第90話「特訓」

 雅は、スカルドラゴンにリベンジするために飛鳥と紗奈の三人でおこなった、横浜合宿を思い出していた。


 あの時、飛鳥に操ってもらって、GTX1800の限界を見たと思っていたけど、先生の操るこれも、別の限界を見ている感じがする。


 あぁ、でも、これで5%削られてるのよね……、

 本当に、5%削られてない飛鳥と勝負になるのかな?


 飛鳥が操ったそれは、敵にガンガン近づいて行き、もちろん、相手の攻撃を避けもするが、その動きは必要最小限でカウンターを取りに行くといった、超好戦的なプレイスタイル。

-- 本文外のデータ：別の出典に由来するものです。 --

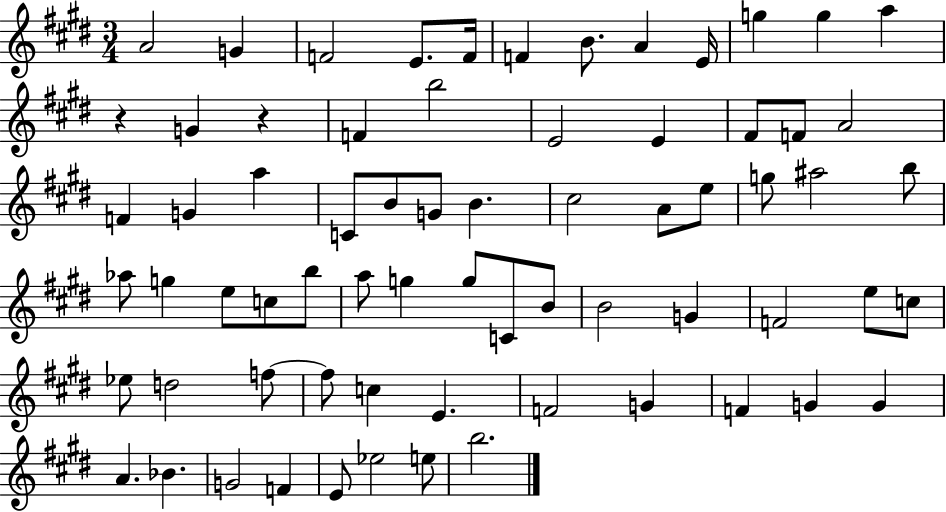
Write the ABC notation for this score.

X:1
T:Untitled
M:3/4
L:1/4
K:E
A2 G F2 E/2 F/4 F B/2 A E/4 g g a z G z F b2 E2 E ^F/2 F/2 A2 F G a C/2 B/2 G/2 B ^c2 A/2 e/2 g/2 ^a2 b/2 _a/2 g e/2 c/2 b/2 a/2 g g/2 C/2 B/2 B2 G F2 e/2 c/2 _e/2 d2 f/2 f/2 c E F2 G F G G A _B G2 F E/2 _e2 e/2 b2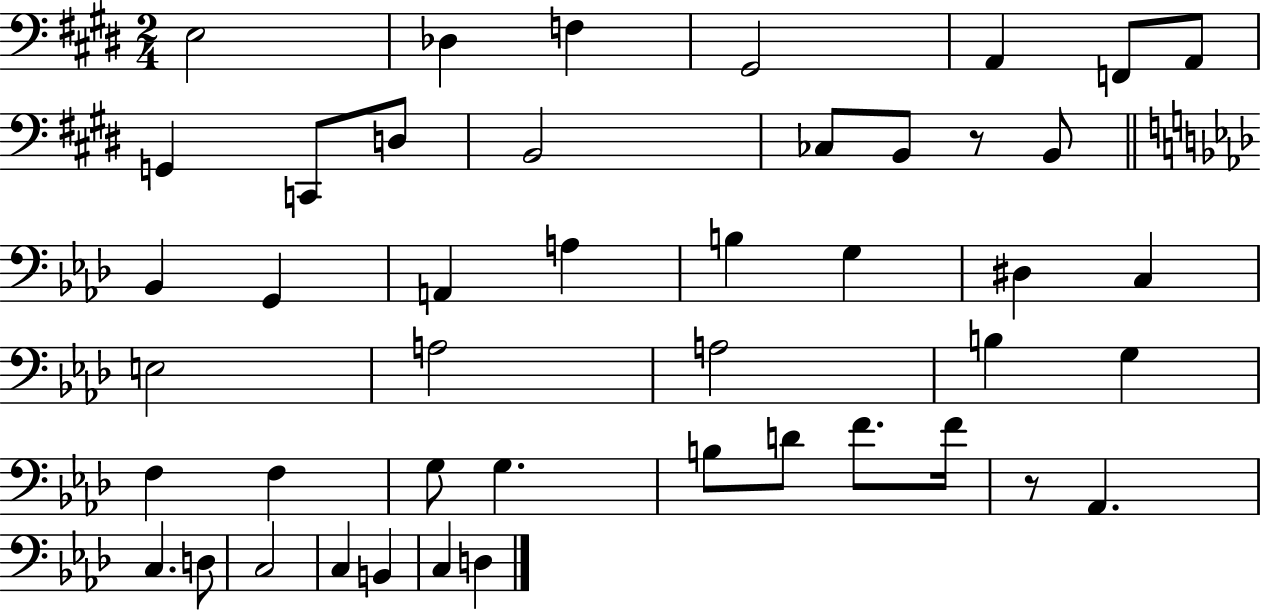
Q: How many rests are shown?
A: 2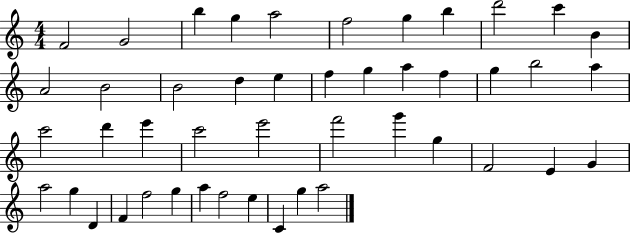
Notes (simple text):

F4/h G4/h B5/q G5/q A5/h F5/h G5/q B5/q D6/h C6/q B4/q A4/h B4/h B4/h D5/q E5/q F5/q G5/q A5/q F5/q G5/q B5/h A5/q C6/h D6/q E6/q C6/h E6/h F6/h G6/q G5/q F4/h E4/q G4/q A5/h G5/q D4/q F4/q F5/h G5/q A5/q F5/h E5/q C4/q G5/q A5/h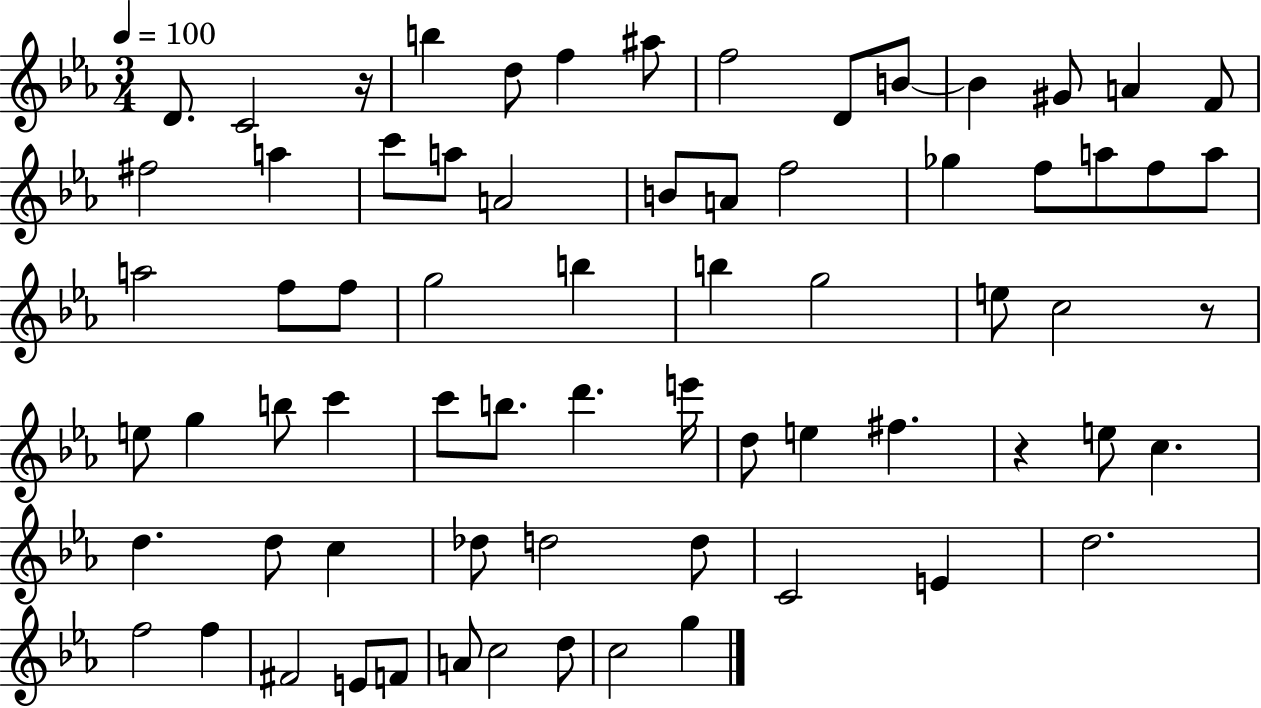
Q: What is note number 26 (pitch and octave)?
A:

 一方、刀真が操るスタイルは、基本、付かず離れず、まるで敵と自分の間に124mの透明な壁でもあるかのような正確さを保ちながら、時折、その範囲内に敵が入ったと思ったら、その相手の攻撃を避けると、そこには別の敵が居て、その攻撃が当たるという、まるで手品でも見ているような、不思議な光景だった。


 何もしていないのに、周りが勝手に墜ちてゆく……

 なんなのコレ?

 それにしても、気持ち悪い……


 1セット、10分プレイの休憩5分で、それを20回繰り返した。

 初日は、吐き気に耐え切れず、特訓が終わると、夕飯も食べずに寝込んでしまう。


 今度は、紗奈が雅に肩を貸し、部屋まで連れて行った。

 ベッドで横になる雅に、紗奈が声を掛ける。


「大丈夫? 雅?」


「うん大丈夫……とはいえないか、まだ気持ち悪い。紗奈は、大丈夫なの?」


「操縦画面を観ていた訳じゃないから、オペレーター画面で3D酔いすることはないわ。それより、雅、やっていけそう?」


「やるしかないわよ。スカルドラゴンを二人で倒すんだもの」


「そうね、私も頑張らないと!」


 その言葉で、少し元気を取り戻し、笑顔で頷く雅。


「虎塚……やっぱり凄かった」


「飛鳥ちゃんとは、違う感じ?」


「うん。きっと、あれでもアタシ用に落とした動きなんだろうけど、それでも、別次元だった」


「そっかー」


「でもね、絶対、モノにしてみせる!」


「そうよ、その意気よ! 私も負けない!」



 翌日、特訓2日目。

 第11セット目、ようやく雅が慣れ始める。


「あれ? もう、気持ち悪くないかな?」


 少し余裕が出たこともあって、雅はヘッドセットに手をやると、オペレーターである刀真に話し掛けた。


「先生?」


「なんだ?」


「攻撃しませんから、銃でロックオンしてもいいですか?」


「構わんが……それって、舐めプだぞ」


 舐めプとは、ゲーム対戦において、格下の相手に対し手加減してプレイする、つまり、相手を舐めたプレイを意味する。


「晒されますかね?」


「かもしれんな。だが、すでに晒されてる可能性が高いと思うぞ」


「え!?」


「此処へ来てからずっと、同国ペナルティー無視して、撃墜しまくったろ?」


「あぁ……なら、どの道ですね」


 そう言って笑うと、雅は両手に持った銃で、次々にロックオンしていく。


 今のは、墜ちたかな?

 今のは、逃げられたか?


 段々と集中力が高まり、ヘッドセットで通信されていることを忘れ、頭の中の声がつい口に出る。


「墜ちたか?」


「今のは、墜ちたな」


「あ……」


 無意識だったのかと、雅を軽く笑ったあと、刀真はそれを手伝うことを提案する。


「なんらな、墜ちてないヤツを数えようか?」


「え? 墜ちたヤツでなくて?」


「墜ちてない方が少ないからな。それとも、後で感想戦にするのでも構わんが……」


「じゃ、感想戦の方でお願いします」


「了解」


「あのー、私も後で感想戦を」


「え? それの?」


「はい」


 刀真が言った『それ』とは、初日は小まめにメモを取っていた紗奈であったが、書く手が追いつかなかったことから、今は虎塚の許可を得て、スマートフォンで動画を撮影しており、つまりは、その動画を見ながら、あれこれと質問しようと考えていたのだった。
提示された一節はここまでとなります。